Finalement, il ne manquait à la liste qu’une BD, oubli que va réparer Ten Speed Press outre-Atlantique – la maison d’édition obtiendra au passage le prix Eisner de la meilleure adaptation. En France, elle est relayée par Monsieur Toussaint Louverture, maison réputée pour son esthétisme et la qualité de ses propositions, déjà à l’origine de la dernière réédition du roman en 2016.

Aux manettes, un duo américain qui n’a pas hésité à se rendre sur place pour mettre son nez dans les terriers : James Sturm (un temps assistant d’Art Spiegelman) et le dessinateur Joe Sutphin, qui signe ses débuts dans le 9e art. À eux deux, sur 375 pages qui débordent de verdure, ils démontrent un des principes de l’ouvrage : l’importance de la collaboration. C’est en effet ce à quoi va se confronter tout un groupe de lapins, inquiets face aux prédictions d’un des leurs : Fyveer.

Une bonne histoire, pour être excitante, doit être aussi parfois effrayante

Il rêve d’un pré couvert de sang et pressent un grave danger. Pas le choix, pour survivre, il va falloir fuir. Lui, son frère Hazel et une dizaine de congénères filent à travers les champs à la recherche de la terre promise : Watership Down. Comme toute odyssée, sur leur chemin, il y aura des ennemis à éviter (chien, renard, homme, corneille, hermine…), des amitiés à lier et des combats à mener, notamment contre d’autres semblables.

Une fois encore, Watership Down montre ce qu’il est, et ce qu’a régulièrement défendu son auteur, décédé en 2016 : non pas une fable moralisatrice ni un manifeste naturaliste, encore moins une allégorie politique, mais bien un récit d’aventure avec ses thèmes classiques comme l’héroïsme, le pouvoir, la responsabilité, la solidarité, l’espoir et le courage.
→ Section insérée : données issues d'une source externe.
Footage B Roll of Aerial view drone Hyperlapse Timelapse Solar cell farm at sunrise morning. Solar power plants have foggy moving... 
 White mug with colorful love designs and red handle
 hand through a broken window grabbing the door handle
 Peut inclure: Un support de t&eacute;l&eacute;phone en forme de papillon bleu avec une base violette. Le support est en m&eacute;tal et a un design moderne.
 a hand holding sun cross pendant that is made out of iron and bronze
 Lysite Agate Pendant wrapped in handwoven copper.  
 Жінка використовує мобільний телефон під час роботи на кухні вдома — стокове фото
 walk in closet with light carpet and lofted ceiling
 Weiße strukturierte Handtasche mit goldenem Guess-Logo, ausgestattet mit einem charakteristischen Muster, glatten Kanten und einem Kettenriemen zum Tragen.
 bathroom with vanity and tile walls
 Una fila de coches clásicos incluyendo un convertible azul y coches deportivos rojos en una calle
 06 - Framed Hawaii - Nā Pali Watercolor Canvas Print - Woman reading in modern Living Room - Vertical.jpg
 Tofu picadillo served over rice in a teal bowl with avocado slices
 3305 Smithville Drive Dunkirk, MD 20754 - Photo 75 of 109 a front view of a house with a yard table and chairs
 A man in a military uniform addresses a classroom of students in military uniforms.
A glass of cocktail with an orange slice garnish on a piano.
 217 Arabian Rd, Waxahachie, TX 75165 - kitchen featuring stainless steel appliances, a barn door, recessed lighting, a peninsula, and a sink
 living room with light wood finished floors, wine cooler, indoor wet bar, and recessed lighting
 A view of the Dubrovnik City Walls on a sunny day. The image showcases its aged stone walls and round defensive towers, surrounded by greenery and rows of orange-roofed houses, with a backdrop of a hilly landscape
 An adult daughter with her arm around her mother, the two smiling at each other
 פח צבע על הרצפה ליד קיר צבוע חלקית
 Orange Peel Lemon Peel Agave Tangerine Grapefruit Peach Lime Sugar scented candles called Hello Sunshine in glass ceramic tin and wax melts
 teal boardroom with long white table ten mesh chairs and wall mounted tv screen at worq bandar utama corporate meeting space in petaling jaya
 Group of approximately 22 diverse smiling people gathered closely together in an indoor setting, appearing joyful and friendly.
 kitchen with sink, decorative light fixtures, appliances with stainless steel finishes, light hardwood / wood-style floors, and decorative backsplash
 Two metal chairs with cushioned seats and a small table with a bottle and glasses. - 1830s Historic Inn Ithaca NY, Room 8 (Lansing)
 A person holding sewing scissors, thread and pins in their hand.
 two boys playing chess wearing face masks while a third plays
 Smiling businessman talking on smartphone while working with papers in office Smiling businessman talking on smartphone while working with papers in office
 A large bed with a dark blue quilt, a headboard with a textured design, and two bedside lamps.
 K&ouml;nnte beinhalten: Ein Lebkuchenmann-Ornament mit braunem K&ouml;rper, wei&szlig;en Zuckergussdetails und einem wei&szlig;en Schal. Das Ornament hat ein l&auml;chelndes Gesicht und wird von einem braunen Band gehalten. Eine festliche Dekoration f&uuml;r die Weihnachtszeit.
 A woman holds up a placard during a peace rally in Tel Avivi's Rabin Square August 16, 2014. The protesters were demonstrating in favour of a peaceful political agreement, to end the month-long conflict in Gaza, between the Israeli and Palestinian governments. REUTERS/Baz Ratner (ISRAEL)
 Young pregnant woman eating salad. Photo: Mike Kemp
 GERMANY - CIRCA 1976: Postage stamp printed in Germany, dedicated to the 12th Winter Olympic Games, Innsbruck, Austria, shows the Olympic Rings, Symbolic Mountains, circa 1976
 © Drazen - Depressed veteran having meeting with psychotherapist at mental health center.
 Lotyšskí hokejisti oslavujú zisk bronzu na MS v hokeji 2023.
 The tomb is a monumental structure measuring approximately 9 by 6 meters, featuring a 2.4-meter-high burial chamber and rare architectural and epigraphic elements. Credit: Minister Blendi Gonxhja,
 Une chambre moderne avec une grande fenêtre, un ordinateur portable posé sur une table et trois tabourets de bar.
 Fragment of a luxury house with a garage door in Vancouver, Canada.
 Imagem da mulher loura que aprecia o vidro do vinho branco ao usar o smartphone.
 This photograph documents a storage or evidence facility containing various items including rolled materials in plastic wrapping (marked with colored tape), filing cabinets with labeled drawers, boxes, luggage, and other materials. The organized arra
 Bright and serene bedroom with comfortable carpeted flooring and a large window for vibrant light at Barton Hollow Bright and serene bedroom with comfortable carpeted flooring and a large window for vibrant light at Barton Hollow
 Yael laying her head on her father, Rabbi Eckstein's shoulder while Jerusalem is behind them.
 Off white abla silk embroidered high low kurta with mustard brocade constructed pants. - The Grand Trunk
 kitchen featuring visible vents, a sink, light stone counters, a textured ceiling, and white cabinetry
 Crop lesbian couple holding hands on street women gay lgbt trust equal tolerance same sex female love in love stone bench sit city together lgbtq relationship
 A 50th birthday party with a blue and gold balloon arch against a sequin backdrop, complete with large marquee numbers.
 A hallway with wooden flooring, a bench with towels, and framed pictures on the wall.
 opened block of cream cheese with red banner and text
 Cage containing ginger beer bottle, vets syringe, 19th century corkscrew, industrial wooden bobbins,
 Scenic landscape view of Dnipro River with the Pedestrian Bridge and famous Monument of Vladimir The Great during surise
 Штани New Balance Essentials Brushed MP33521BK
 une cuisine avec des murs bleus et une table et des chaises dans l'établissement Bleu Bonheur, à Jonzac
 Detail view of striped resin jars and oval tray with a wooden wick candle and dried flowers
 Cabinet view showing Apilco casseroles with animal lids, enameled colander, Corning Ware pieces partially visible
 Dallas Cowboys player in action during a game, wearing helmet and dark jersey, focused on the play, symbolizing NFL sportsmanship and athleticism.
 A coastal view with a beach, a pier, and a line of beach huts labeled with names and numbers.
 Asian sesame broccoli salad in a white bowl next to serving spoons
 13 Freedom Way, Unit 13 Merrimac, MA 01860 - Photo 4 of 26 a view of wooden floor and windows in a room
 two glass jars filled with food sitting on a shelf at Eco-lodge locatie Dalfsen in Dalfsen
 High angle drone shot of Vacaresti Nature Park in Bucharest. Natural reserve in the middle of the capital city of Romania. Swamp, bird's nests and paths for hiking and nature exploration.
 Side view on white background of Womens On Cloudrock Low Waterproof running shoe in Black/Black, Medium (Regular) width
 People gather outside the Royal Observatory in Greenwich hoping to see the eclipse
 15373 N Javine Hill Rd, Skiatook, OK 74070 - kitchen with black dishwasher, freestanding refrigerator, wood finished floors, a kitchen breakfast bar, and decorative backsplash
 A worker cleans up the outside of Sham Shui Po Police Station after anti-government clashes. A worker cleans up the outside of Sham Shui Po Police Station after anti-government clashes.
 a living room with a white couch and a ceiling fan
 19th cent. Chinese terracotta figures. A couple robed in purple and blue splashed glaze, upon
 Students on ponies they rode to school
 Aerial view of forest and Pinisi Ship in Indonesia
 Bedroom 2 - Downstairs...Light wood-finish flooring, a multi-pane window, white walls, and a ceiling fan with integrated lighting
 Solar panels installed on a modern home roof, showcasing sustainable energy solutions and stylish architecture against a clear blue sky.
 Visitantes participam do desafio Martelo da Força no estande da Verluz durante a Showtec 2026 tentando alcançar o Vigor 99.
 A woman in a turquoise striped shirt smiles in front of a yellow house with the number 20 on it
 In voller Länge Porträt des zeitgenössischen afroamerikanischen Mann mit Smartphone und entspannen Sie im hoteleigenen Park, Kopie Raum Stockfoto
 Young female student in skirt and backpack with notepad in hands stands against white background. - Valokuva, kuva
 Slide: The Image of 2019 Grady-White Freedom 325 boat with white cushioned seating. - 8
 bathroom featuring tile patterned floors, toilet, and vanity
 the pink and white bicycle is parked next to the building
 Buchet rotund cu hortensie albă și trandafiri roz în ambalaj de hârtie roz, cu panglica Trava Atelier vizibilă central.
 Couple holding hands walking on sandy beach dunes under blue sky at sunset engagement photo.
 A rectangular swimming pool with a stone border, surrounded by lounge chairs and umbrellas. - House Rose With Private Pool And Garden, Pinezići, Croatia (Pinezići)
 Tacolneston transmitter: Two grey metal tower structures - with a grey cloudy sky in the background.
Si l’homme est quasi invisible, ce sont ses organisations sociales qui sont interrogées : ici, une dictature, là, un faux Eldorado, et toujours, au centre, les questions de survie et de migration. Oui, Richard Adams n’a rien éludé de la cruauté de la vie sauvage (et des hommes), contrebalancée par la puissance des mythes et la nécessité de faire groupe. Comme il le disait, «une bonne histoire, pour être excitante, doit être aussi parfois effrayante».

Une narration aiguisée au couteau

Si ses lapins restent des bêtes au comportement instinctif, ils sont représentés comme des créatures intelligentes aux choix rationnels, qui possèdent leur propre culture (chanson, blague, poème), leur propre croyance et leur propre langage – vilou pour ennemi, kataklop (voiture), farfaler (remonter à la surface pour se nourrir)…

Fidèle à l’original, James Sturm répond au challenge en quatre parties, à travers une narration aiguisée au couteau et des dialogues finement découpés. Joe Sutphin, quant à lui, habille le tout élégamment, représentant la faune et la flore avec une telle justesse qu’il est possible de distinguer les différents protagonistes. Au bout, une épopée sombre et brutale parcourue d’espoir et de poésie, qui, décidément, garde toute sa fraîcheur. Foi de lapins!

Watership Down, de James Sturm et Joe Sutphin. Monsieur Toussaint Louverture.